───── WORKING DATA ─────

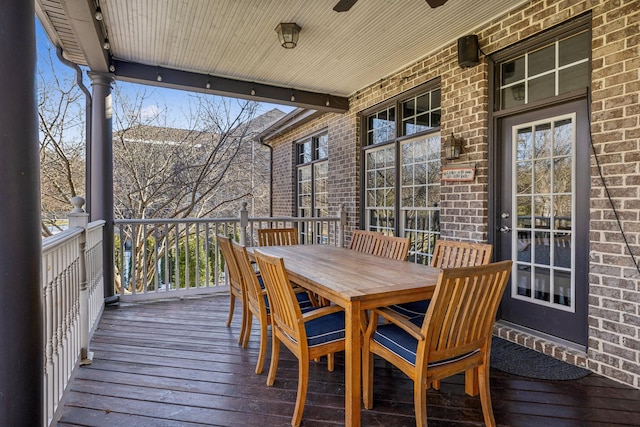 wooden deck featuring ceiling fan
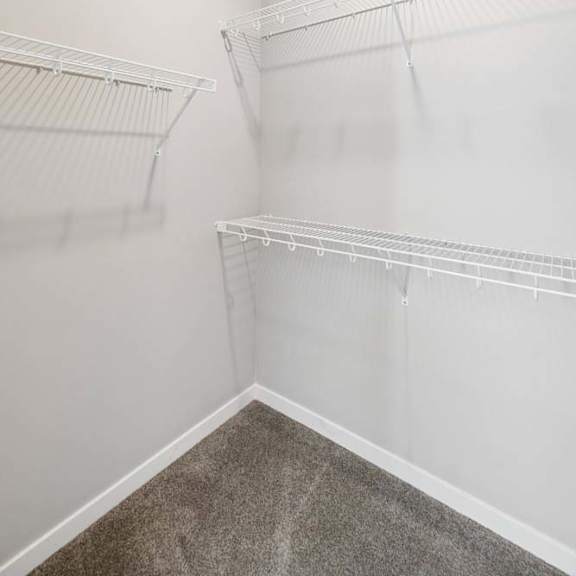 Thumbnail 40 of 44 Walk-in apartment closet with built-in wire shelving, carpeted flooring, recessed lighting, and generous hanging space for clothing and storage.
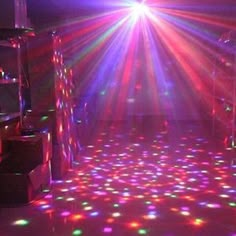 disco lights are shining brightly on the dance floor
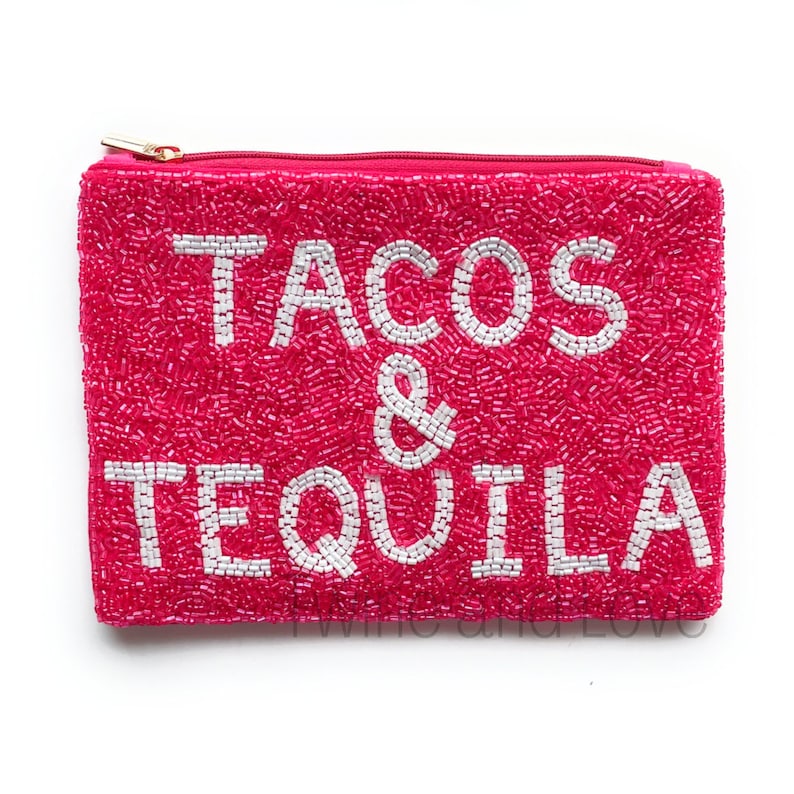 May include: A pink beaded zippered pouch with the text "TACOS & TEQUILA" in white beads.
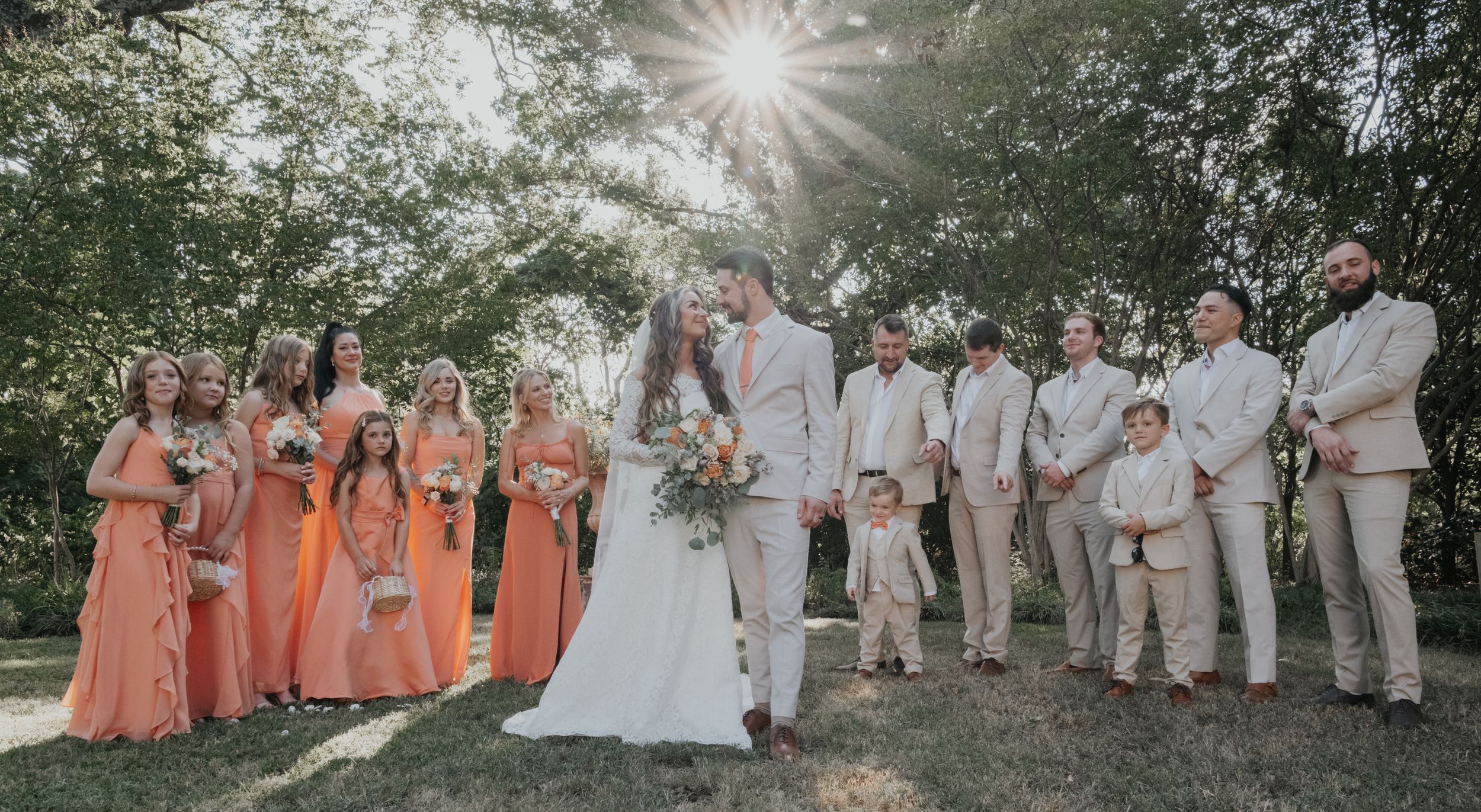 A wedding party in peach and neutral colors poses together on a scenic outdoor lawn at sunset.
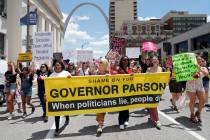 Abortion-rights supporters march Thursday, May 30, 2019, in St. Louis. A St. Louis judge heard ...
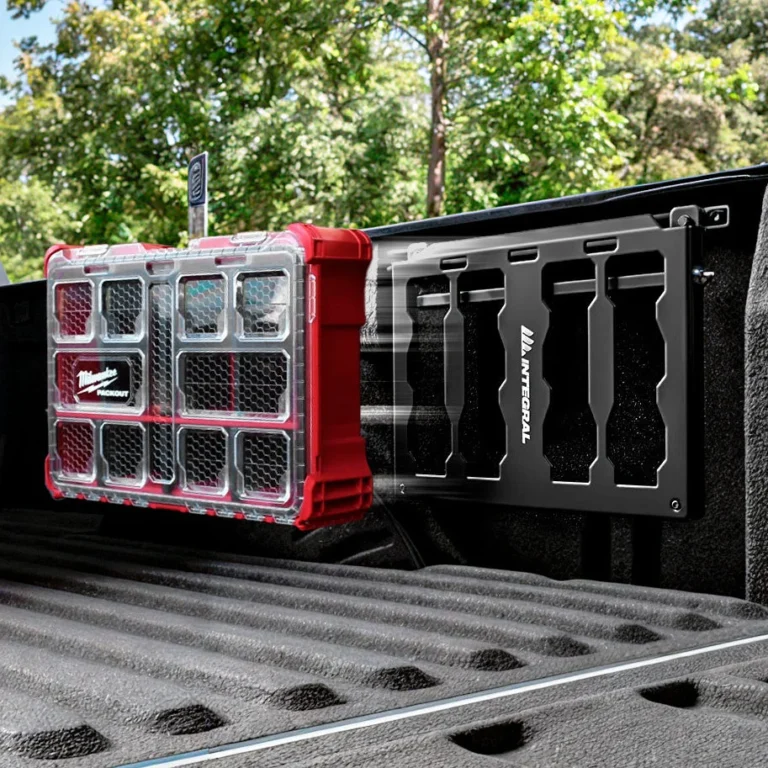 Integral Truck storage panel securing a red tool organizer inside a truck bed.
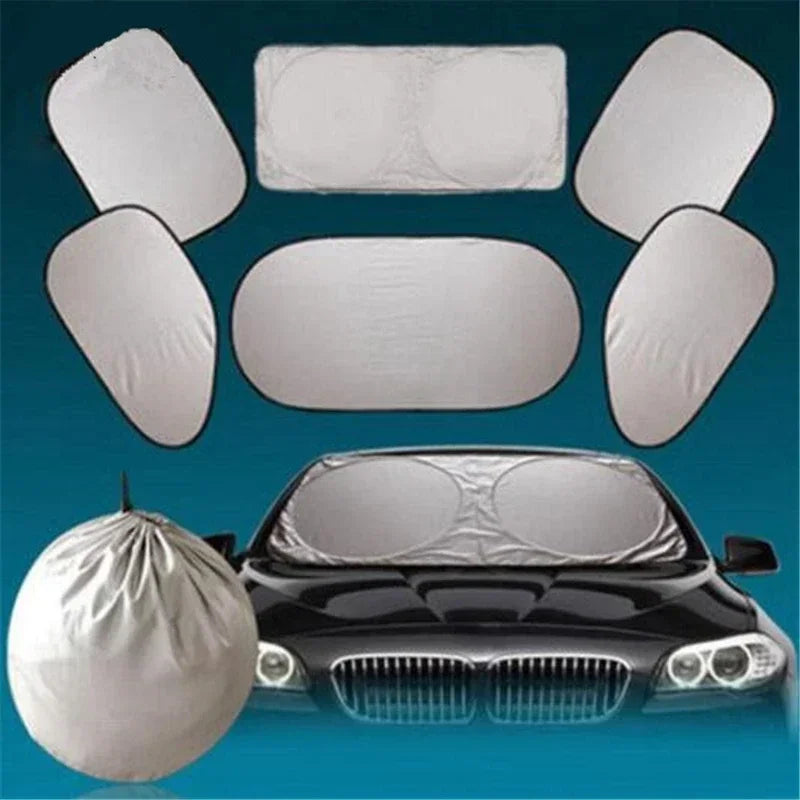 A set of six white car windshield sun shades displayed above a black car.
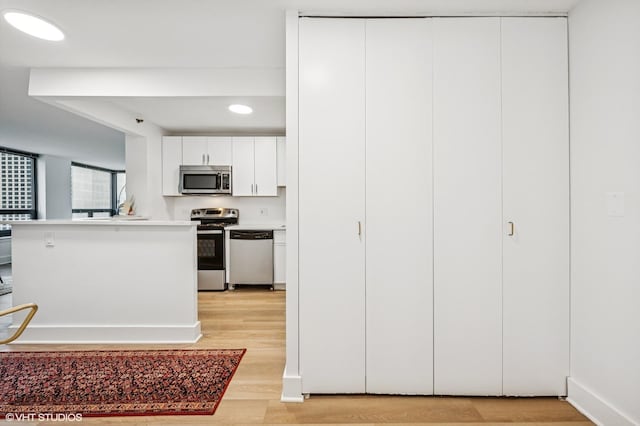 440 N Wabash Ave Unit 1908, Chicago, IL 60611 - kitchen featuring stainless steel appliances, light wood finished floors, white cabinetry, light countertops, and recessed lighting
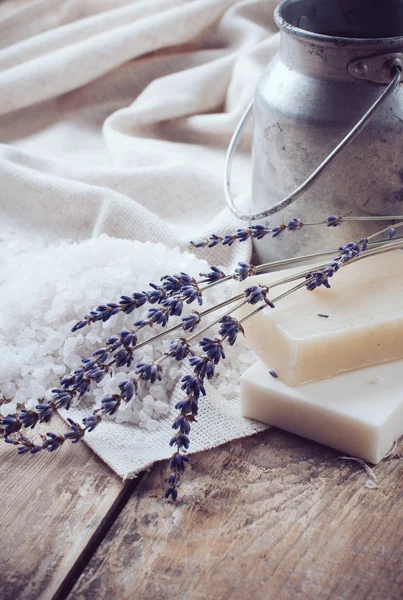 Soap, lavender, salt and old can on wooden board — Stock Photo, Image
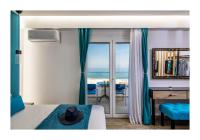 Posteľ alebo postele v izbe v ubytovaní Platinum Suites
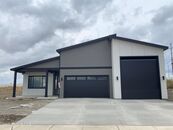 RV Garage and Room for Multiple Vehicles in this New House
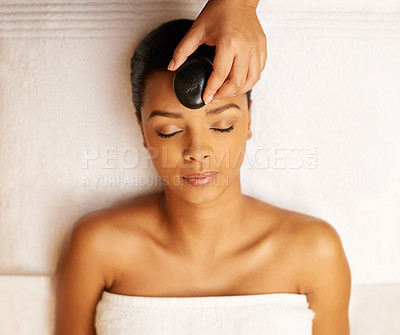 Buy stock photo Woman, relax and spa with hot rock for facial treatment, zen or stress relief above at resort. Top view of calm female person with stone on face for beauty, wellness or therapy in relaxation at salon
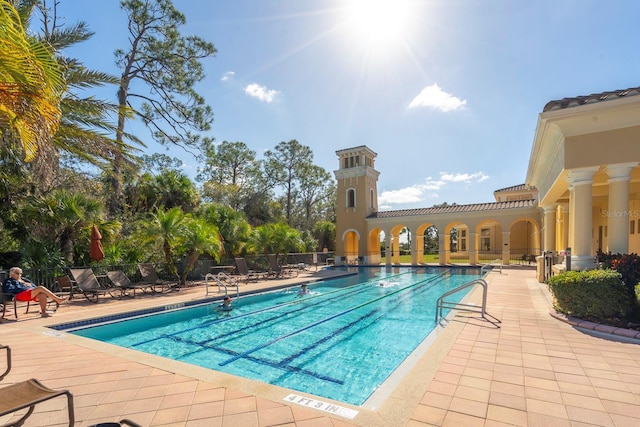 pool with fence and a patio area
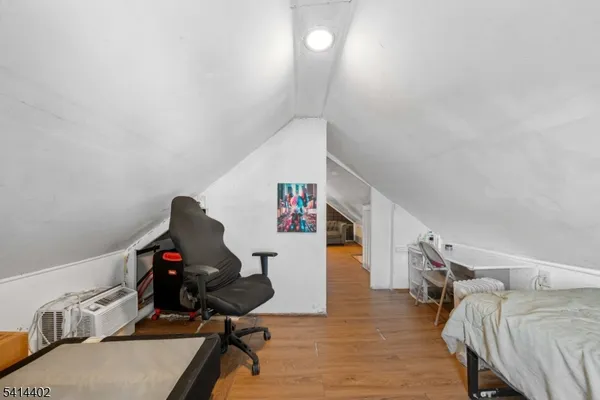 a view of a workspace with furniture and workspace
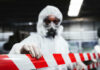 Worker in protective gear holding a red and white barrier tape in an industrial environment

─────

INSTRUCTIONS TO FOLLOW:
What is needed is an exact copy of the data, without any pictures.

TASK RESULT:
 wooden deck featuring ceiling fan
 Thumbnail 40 of 44 Walk-in apartment closet with built-in wire shelving, carpeted flooring, recessed lighting, and generous hanging space for clothing and storage.
 disco lights are shining brightly on the dance floor
 May include: A pink beaded zippered pouch with the text "TACOS & TEQUILA" in white beads.
 A wedding party in peach and neutral colors poses together on a scenic outdoor lawn at sunset.
 Abortion-rights supporters march Thursday, May 30, 2019, in St. Louis. A St. Louis judge heard ...
 Integral Truck storage panel securing a red tool organizer inside a truck bed.
 A set of six white car windshield sun shades displayed above a black car.
 440 N Wabash Ave Unit 1908, Chicago, IL 60611 - kitchen featuring stainless steel appliances, light wood finished floors, white cabinetry, light countertops, and recessed lighting
 Soap, lavender, salt and old can on wooden board — Stock Photo, Image
 Posteľ alebo postele v izbe v ubytovaní Platinum Suites
 RV Garage and Room for Multiple Vehicles in this New House
 Buy stock photo Woman, relax and spa with hot rock for facial treatment, zen or stress relief above at resort. Top view of calm female person with stone on face for beauty, wellness or therapy in relaxation at salon
 pool with fence and a patio area
 a view of a workspace with furniture and workspace
 Worker in protective gear holding a red and white barrier tape in an industrial environment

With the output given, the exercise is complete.